There are N types of items and a knapsack with a capacity of V. Each type of item is available in unlimited quantities. The cost of putting the i-th type of item is cost[i], and the value is value[i]. Find which items to put in the knapsack to ensure that the total cost does not exceed the knapsack capacity, and maximize the total value.

The idea is to convert it into a 0-1 knapsack problem: split each type of item into multiple items that can only be selected 0 or 1 times in the 0-1 knapsack.

//Initialization
let v = 2; //Knapsack capacity
let n = 4; //Number of items, must be equal to the length of cost and value
let cost = vec![1, 2, 3, 4]; //Item cost
let value = vec![1, 3, 5, 7]; //Item value
let mut f = vec![0; v + 1];

// 0 <= i < n
for i in 0..n {
    complete_pack(&mut f, cost[i], value[i], v);
}
//The maximum total value is f[v]

fn complete_pack(f: &mut Vec<usize>, cost: usize, value: usize, v: usize) {
    //Reverse the inner loop of the 0-1 knapsack
    for j in cost..=v {
        f[j] = std::cmp::max(f[j], f[j - cost] + value);
    }
}

Multiple Knapsack#

There are N types of items and a knapsack with a capacity of V. The i-th type of item has at most M[i] items available, each costing cost[i] and having a value of value[i]. Find which items to put in the knapsack to ensure that the total cost does not exceed the knapsack capacity, and maximize the total value.

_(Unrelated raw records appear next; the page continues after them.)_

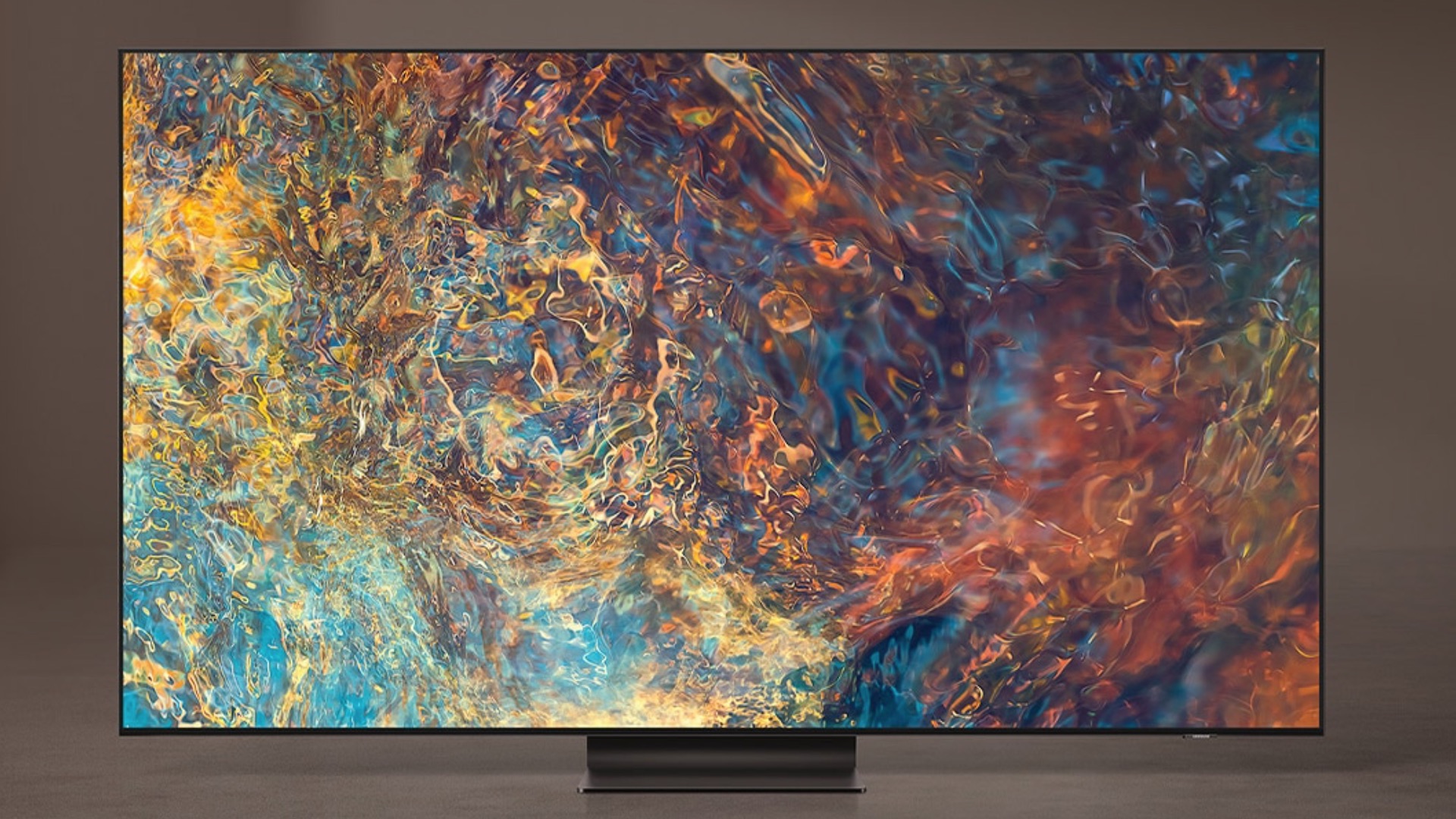 Divers] Tv Samsung, défaut de rétro éclairage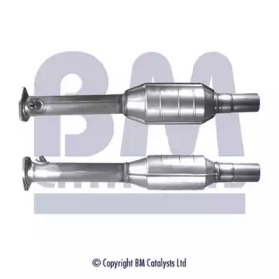 Катализатор BM CATALYSTS BM90277H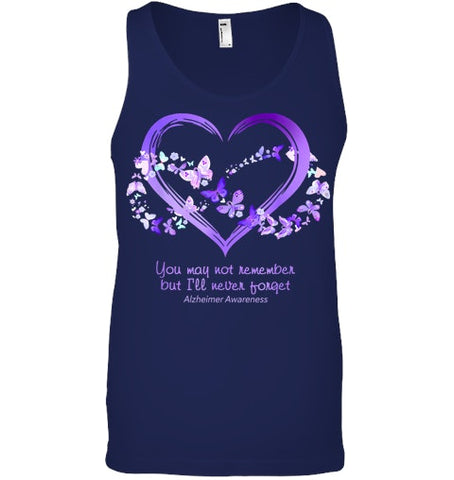 Image of Alzheimer T Shirt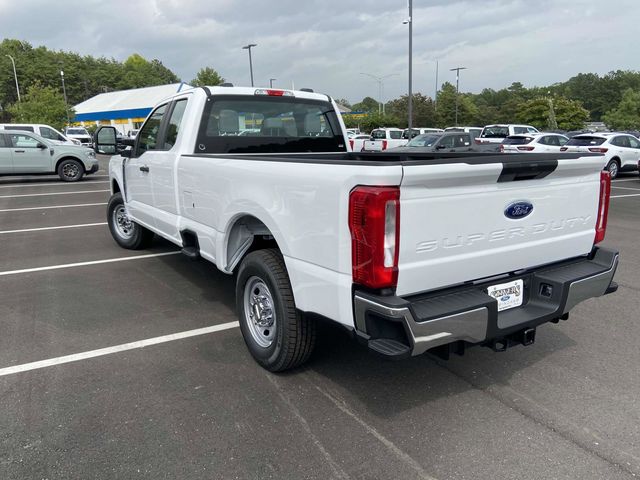 2024 Ford F-250SD XL 6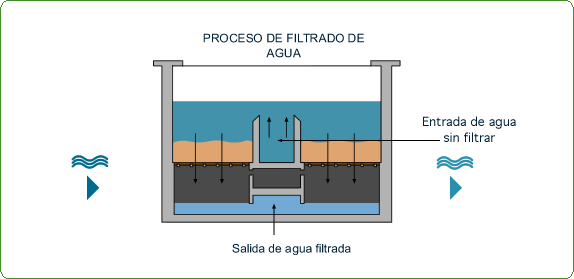 CONTAMINANTES DEL AGUA | Mind Map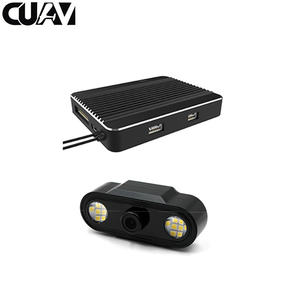 Control Remoto y Receptor para Dron CUAV H16 Pro, Mini Control Remoto para Dron - Product Image 3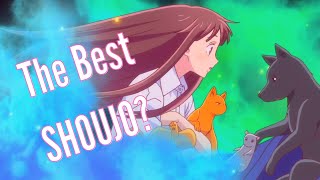 Why Fruits Basket 2019 is a MASTERPIECE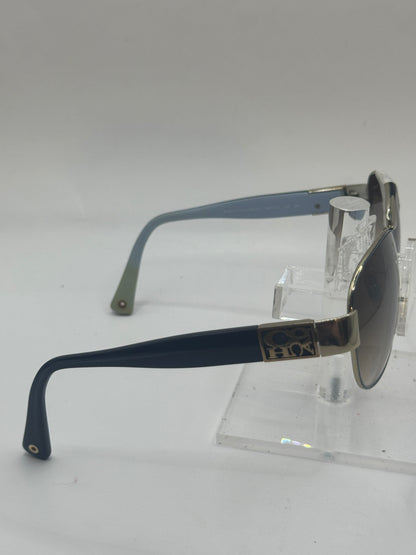 Coach Charity Hc7009q L024 Sunglasses in color 905417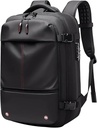 Vacuum Backpack – Large Capacity Water-Expandable Travel Backpack with Vacuum Pump, Waterproof Anti-Theft Design, 19-Inch Laptop Bag | 511 |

fn multiple_pack(f: &mut Vec<usize>, cost: usize, value: usize, v: usize, mut m: usize) {
    if cost * m >= v {
        complete_pack(f, cost, value, v);
        return;
    }
    let mut k = 1;
    while k < m {
        zero_one_pack(f, k * cost, k * value, v);
        m -= k;
        k *= 2;
    }
    zero_one_pack(f, m * cost, m * value, v)
}

Feasibility Problem#

When the problem is "whether it is possible to fill the knapsack with several items of each type to a given capacity", only the feasibility of filling the knapsack needs to be considered, and not the value of each item. The multiple knapsack problem also has an O(VN) complexity algorithm.

fn multiple_pack_ok() {
    //It can also be understood as a coin model. v represents the total value of the coins, n represents the number of coin types,
    //m is the quantity of each coin, and cost represents the value of each coin type
    let v = 2;
    let n = 4;
    let cost = vec![5, 4, 9, 3];
    let m = vec![2, 1, 4, 6];
    let mut f = vec![-1; v + 1];
    f[0] = 0;

    for i in 0..n {
        for j in 0..=v {
            if f[j] >= 0 {
                f[j] = m[i];
            }
            //else {
            //    f[j] = -1; It should be -1 by default initialization
            //}
        }
        if v < cost[i] {
            break;
        }
        for j in 0..=(v - cost[i]) {
            if f[j] >= 0 {
                f[j + cost[i]] = std::cmp::max(f[j + cost[i]], f[j] - 1);
            }
        }
    }
}

f[i][j] represents using the first i items to fill a knapsack with a capacity of j, and the maximum number of remaining items of the i-th item. If it is not possible to fill a knapsack with a capacity of j, the value is -1.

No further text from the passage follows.